Marked as a distinct task, sequenced **after** the core frame-size fix.
## 7. Configuration & options
- **Central:** `Communication:CentralFetchBaseUrl` (LB/Traefik URL); `Deployment:PendingDeploymentTtl` (default 5 min); token length; purge interval.
- **Site:** `HttpClient` registration for the site role; fetch timeout; replication fetch retry count.
- **Akka `maximum-frame-size`:** intentionally **unchanged** — the fix doesn't rely on it.
- gRPC message size: not involved (HTTP carries the config).
## 8. Failover & edge cases
- Site failover: the notify routes to the new active node automatically via the singleton proxy.
- Active node dies mid-fetch: central's `Ask` times out → reconciliation.
- Central node failover during a fetch: Traefik routes to the active central node; the pending row is in shared MS SQL → still served.
- Standby down during deploy: misses the replicate-notify → covered by the §6 follow-up.
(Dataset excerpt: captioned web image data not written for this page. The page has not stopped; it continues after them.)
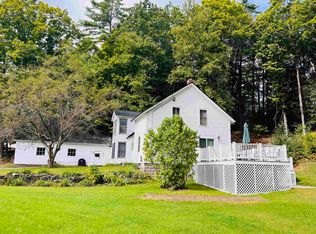 672 Hucklehill Rd, Vernon, VT 05354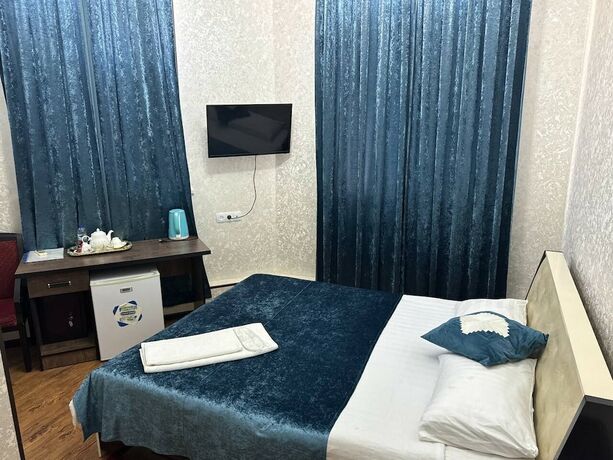 Imagen general del Ratmina. Foto 2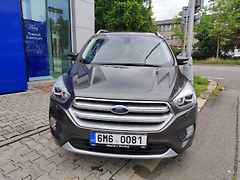 Ford Kuga (2018) 1.5 EB 110kW ČR,1 MAJ - fotografie inzerátu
- Token TTL must comfortably cover both nodes' fetches within the deploy window (default 5 min is ample).
## 9. Security
Token-gated internal endpoint; constant-time compare; short TTL; scoped to exactly one deployment's config; not tied to a user session; HTTPS recommended. Config `SecretsBlock`s are already encrypted at rest.
## 10. Testing
- **Unit:** `PendingDeployment` store incl. supersession (delete-then-insert) + TTL/purge; token validation (valid / expired / wrong / superseded, constant-time); `IDeploymentConfigFetcher` (200 / 401 / 404 / timeout); `DeploymentService` notify→promote flow; AskTimeout classification; standby fetch-on-replicate + older-write guard.
- **Integration:** the exact failing case — a **>128 KB** config deploys end-to-end; standby obtains it via fetch; kill the active node → failover recovers it from the standby's SQLite; redeploy a *newer* version → pending superseded, stale fetch 404s.
- **Live smoke (docker):** redeploy the 3rd-composition config that originally hung; confirm both nodes hold it.
## 11. Migration / deploy
- Single Host binary serves both roles → one rebuild + redeploy covers central and site. Message-contract changes (`RefreshDeploymentCommand` new; `ReplicateConfigDeploy` drops `ConfigJson`) are safe since all nodes upgrade together.
- New EF migration for `PendingDeployment` (auto-apply in dev; SQL script for prod). No site SQLite schema change.
- Add `CentralFetchBaseUrl` to central appsettings in `docker/`, `docker-env2/`, `deploy/wonder-app-vd03/`; confirm site→central HTTP reachability (fine on the co-located test host/docker; a firewall port to open in a hub-spoke prod). Update `deploy/wonder-app-vd03/RUNBOOK.md`.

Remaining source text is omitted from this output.